Two-pass: (1) encode each instruction into code, recording byte offsets and emitting pending relocations; (1.5) rewrite label_defs from instruction indices to byte offsets; (2) resolve relocations, appending the unresolvable ones to relocs. Pure / no shared state → trivially parallelizable.

Buffer-sizing helpers: encode_max_code_size(n) -> int (n*15), encode_max_relocation_count(n) -> int (n).

Internal matcher (file-local, inlined): encoding_matches_inline, operand_matches_inline, reg_matches_inline, mem_matches_inline, imm_matches_inline, implicit_operand_matches, is_implicit_op_inline, get_user_op_inline.

---

8. Decoder (decoder.odin)

Instruction_Info :: struct {     // parallel metadata, one per decoded inst
	offset: u32,
	rex: u8, has_lock: bool, rep: Rep, segment: Register,
	vex_type: VEX_Type, vex_l: VEX_L, vex_w: VEX_W,
	evex_b: bool, evex_z: bool, opmask: u8,
}

decode :: proc(
	data:         []u8,
	relocs:       []Relocation,             // optional in: name labels
	instructions: ^[dynamic]Instruction,    // out
	inst_info:    ^[dynamic]Instruction_Info, // out (parallel)
	label_defs:   ^[dynamic]Label_Definition, // out: inferred branch labels
	errors:       ^[dynamic]Error,
) -> Result

Two-pass: (1) decode each instruction (prefixes → opcode → operands), collecting branch targets; (2) infer labels for in-region branch targets, reusing IDs from relocs when available.

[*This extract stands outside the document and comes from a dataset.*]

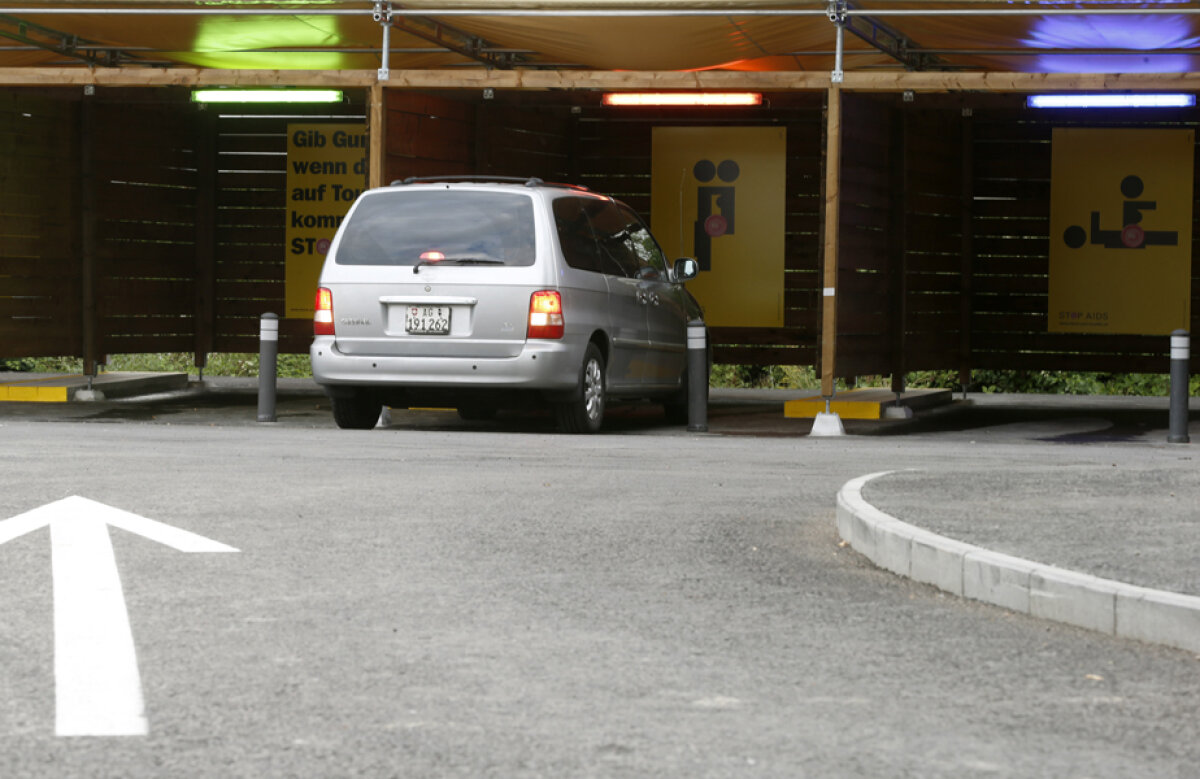 Reportaj spectaculos din Zurich » Invenția elvețienilor: cutiile de sex!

Decoder_State (file-internal) holds prefix/VEX/EVEX decode state. The decoder relies on the generated tables in §10. Mostly file-internal procs: decode_prefixes, decode_vex2/3, decode_evex, decode_opcode(_vex), decode_operands(_vex), decode_single_operand(_vex), decode_memory_operand, decode_register, decode_implicit_operand.

---

9. Printer (printer.odin)

Modified Intel syntax: size suffix on the mnemonic (.b .w .d .q .x .y .z) instead of PTR, clean [base + index*scale + disp] memory.

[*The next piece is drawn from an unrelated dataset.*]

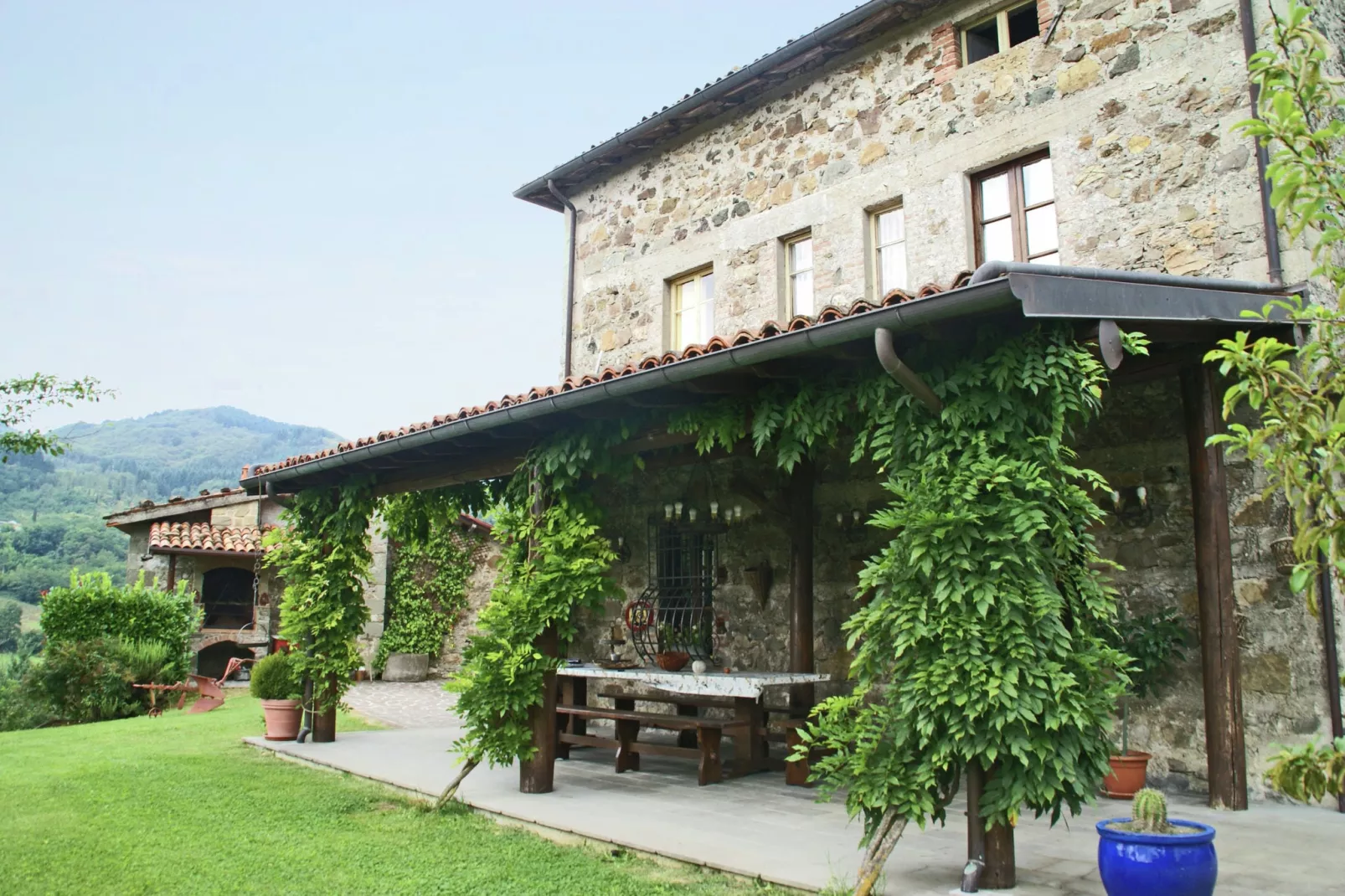Villa Tortelli-Exterior summer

Token_Kind :: enum u8 { WHITESPACE, NEWLINE, LABEL_DEF, LABEL_REF, OFFSET,
                        MNEMONIC, REGISTER, IMMEDIATE, MEMORY_BRACKET, MEMORY_OPERATOR,
                        MEMORY_DISP, MEMORY_SCALE, PUNCTUATION, COMMENT }

Token :: struct { offset: u32, length: u16, kind: Token_Kind, instruction_index: u16 }

Print_Options :: struct {
	uppercase: bool, hex_prefix: string, hex_lowercase: bool,
	label_prefix: string, show_offsets: bool, indent: string,
	separator: string, space_after_comma: bool,
}
DEFAULT_PRINT_OPTIONS :: Print_Options{ … }

Print_Result :: struct { text: string, tokens: []Token }

Helpers: mnemonic_to_string(m, lowercase) -> string, register_name(r, lowercase) -> string, token_kind_to_string, size_to_suffix(size) -> u8.

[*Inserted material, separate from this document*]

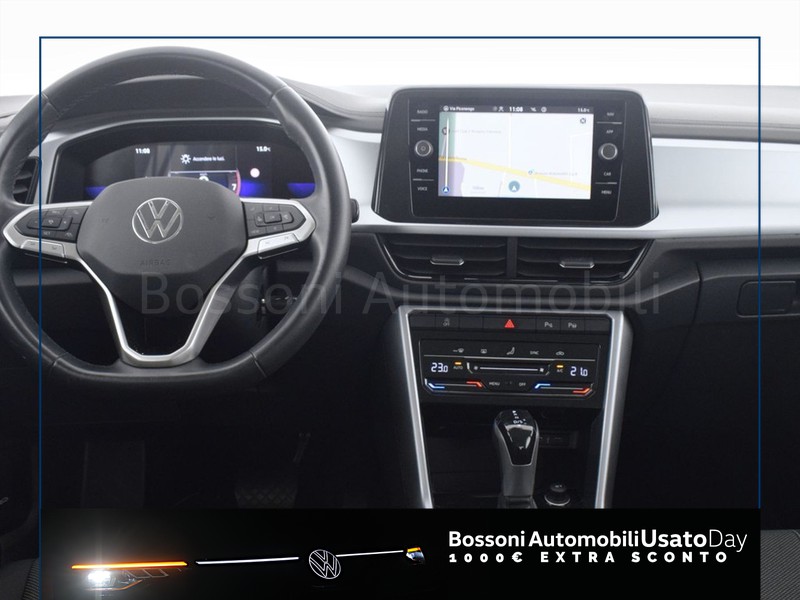 7 - Volkswagen T-Roc 1.5 tsi act life dsg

Output variants (all share the same trailing param set

tokens=nil, options=nil, label_names=nil)

Family	Sink
sbprint / sbprintln	into a ^strings.Builder
print / println	stdout
aprint / aprintln	newly allocated string (allocator param)
tprint / tprintln	temp-allocator string
bprint / bprintln	caller []u8 buffer
fprint / fprintln	^os.File
wprint / wprintln	io.Writer

All take (instructions: []Instruction, inst_info: []Instruction_Info, label_defs: []Label_Definition, …).

---

10. Tables & builders

tablegen/encoding_table.odin (hand-written master — the source of truth)

ENCODING_TABLE: [Mnemonic][]Encoding = { .MOV = { …forms… }, … }

Lives in x86/tablegen/ (a metaprogram package), not in the library. A two-stage pipeline flattens it and serializes committed binary blobs (odin run x86/tablegen → generated Odin + tables.odin; then odin run x86/tablegen/generated → tables/x86.*.bin). See table_migration.md.

tables.odin (generated — #loads the blobs into @(rodata))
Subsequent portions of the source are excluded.